However they face the same paradox every cinematic anti-hero faces: by separating themselves from society, by refusing to sit still and conform, they're free; it's just them, the engine revving and the road. The problem is that even though they are free, they don't seem to realize it. They keep trying to define themselves through society values. As Warren Oates muses about settling down: "If I'm not grounded pretty soon, I'm gonna go into orbit". The only thing that still permits these people identity and a place in society is through their cars. If the end is a symbolic representation of this moral double-bind that pushes them into two opposite directions, only Monte Hellman knows.

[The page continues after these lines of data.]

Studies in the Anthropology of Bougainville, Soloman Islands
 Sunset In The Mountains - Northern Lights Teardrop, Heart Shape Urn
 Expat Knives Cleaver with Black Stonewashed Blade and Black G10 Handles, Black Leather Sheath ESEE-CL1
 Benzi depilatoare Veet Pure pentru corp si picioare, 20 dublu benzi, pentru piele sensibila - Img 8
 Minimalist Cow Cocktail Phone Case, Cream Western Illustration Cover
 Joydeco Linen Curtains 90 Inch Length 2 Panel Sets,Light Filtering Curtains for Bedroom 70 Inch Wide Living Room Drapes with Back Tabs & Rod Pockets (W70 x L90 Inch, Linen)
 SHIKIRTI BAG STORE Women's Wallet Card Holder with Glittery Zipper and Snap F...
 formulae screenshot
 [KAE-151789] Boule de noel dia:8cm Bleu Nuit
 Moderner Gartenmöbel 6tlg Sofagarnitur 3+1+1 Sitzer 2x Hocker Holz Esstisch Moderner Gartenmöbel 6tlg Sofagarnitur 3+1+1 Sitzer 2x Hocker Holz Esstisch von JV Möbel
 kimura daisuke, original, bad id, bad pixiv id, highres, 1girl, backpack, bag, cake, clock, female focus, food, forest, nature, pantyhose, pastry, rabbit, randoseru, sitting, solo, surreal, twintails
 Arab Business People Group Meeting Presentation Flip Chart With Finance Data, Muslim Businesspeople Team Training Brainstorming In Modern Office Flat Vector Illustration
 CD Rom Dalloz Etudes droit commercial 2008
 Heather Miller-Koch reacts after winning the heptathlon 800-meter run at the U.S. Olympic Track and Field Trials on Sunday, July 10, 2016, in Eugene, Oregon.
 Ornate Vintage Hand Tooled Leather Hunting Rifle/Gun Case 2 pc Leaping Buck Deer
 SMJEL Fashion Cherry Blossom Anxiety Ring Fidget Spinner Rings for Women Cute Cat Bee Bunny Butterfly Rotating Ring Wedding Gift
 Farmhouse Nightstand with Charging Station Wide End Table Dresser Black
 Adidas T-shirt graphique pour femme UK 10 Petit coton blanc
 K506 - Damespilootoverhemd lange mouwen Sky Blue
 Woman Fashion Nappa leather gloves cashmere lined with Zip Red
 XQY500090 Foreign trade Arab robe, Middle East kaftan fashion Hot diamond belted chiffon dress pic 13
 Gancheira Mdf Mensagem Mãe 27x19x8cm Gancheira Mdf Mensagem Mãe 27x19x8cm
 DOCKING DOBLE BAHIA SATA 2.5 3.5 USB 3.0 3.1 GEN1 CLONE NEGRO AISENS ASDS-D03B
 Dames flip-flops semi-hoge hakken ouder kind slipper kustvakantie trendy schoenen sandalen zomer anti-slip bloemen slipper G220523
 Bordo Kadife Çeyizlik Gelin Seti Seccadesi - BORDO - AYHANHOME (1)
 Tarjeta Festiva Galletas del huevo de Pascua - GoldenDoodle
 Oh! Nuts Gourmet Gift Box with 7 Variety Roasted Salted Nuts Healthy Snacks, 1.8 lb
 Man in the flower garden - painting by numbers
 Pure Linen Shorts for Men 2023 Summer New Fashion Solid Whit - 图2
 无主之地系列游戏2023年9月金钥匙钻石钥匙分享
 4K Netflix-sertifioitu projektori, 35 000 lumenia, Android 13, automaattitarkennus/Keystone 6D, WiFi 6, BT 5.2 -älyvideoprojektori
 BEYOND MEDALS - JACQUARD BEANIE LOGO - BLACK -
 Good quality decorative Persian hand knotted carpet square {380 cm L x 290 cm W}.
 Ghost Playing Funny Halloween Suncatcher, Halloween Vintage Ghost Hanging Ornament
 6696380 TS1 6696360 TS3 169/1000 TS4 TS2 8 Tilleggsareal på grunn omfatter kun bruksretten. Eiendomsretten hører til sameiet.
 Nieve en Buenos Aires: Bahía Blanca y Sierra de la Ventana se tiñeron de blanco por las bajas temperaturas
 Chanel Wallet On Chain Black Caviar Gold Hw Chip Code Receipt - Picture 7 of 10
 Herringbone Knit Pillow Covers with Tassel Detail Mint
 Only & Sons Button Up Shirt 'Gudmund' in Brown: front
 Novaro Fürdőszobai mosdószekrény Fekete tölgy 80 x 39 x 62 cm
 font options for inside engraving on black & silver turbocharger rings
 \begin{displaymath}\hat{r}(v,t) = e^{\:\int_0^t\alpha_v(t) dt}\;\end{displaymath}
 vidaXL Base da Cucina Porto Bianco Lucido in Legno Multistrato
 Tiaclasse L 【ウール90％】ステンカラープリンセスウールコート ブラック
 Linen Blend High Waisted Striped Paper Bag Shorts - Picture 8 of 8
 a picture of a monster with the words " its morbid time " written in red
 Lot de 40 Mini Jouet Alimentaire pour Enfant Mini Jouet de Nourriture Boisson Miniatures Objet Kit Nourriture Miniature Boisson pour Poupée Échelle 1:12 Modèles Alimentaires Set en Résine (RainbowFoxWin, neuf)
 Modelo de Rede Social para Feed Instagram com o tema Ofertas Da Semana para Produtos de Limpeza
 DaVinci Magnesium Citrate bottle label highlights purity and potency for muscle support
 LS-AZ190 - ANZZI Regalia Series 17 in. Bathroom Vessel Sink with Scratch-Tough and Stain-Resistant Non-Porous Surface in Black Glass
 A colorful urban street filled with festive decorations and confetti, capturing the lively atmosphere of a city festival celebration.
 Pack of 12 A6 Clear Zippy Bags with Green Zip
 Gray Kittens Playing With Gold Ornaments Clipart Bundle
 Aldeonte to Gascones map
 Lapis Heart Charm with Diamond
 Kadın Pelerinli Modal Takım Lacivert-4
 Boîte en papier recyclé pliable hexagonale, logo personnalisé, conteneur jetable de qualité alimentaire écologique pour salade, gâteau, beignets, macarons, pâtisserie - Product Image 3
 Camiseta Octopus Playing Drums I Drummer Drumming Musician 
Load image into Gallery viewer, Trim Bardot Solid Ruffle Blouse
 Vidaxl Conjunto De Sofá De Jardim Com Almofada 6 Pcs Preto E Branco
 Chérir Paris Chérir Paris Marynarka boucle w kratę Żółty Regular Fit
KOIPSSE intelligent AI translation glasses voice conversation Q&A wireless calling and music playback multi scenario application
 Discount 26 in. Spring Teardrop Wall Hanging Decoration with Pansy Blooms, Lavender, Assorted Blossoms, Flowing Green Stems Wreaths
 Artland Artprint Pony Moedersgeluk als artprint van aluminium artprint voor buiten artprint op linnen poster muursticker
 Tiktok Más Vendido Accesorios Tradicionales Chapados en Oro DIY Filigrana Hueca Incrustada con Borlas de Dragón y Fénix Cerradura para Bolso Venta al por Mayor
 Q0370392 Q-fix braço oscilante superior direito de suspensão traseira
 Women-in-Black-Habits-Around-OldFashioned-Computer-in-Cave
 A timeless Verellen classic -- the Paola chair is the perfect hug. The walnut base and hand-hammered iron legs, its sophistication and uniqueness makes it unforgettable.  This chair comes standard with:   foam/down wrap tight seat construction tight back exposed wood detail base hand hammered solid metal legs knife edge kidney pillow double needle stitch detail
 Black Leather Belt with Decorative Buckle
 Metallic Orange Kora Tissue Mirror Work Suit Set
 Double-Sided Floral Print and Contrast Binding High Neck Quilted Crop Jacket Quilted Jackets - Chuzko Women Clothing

The reason I'm musing about characters in a car movie however is simple. Two-Lane Blacktop is not just about the race between a 1955 Chevy and a 1970 Pontiac. And that's probably why the movie meanders seemingly aimlessly in places, as if in a trance. It's not a racing movie. It doesn't try to be a tight, gripping thriller. In that light, the sometimes slow pacing becomes part of what defines the movie. It feels more like some sort of existential journey through 70's America. But the beauty (and Hellman's talent) is that he refuses the easy way out of obvious allegories (the kind of which Jarmusch used in Dead Man). Things are pretty much open and left for interpretation. But as the two cars cross country on their way to Washington D.C., Hellman captures the zeitgeist of the times in a unique way. I don't know how this slice of Americana looks in the eyes of Americans, but for a European like me, it paints the country in the same mythic colours Sergio Leone's movies did. The difference being this is not a reconstruction of a time and era seen through the eyes of a fascinated European director, but real locations and people.
In any way, Two-Lane Blacktop is closer to Vanishing Point than Gone in 60 Seconds. A superb road movie on all counts and more than a road movie.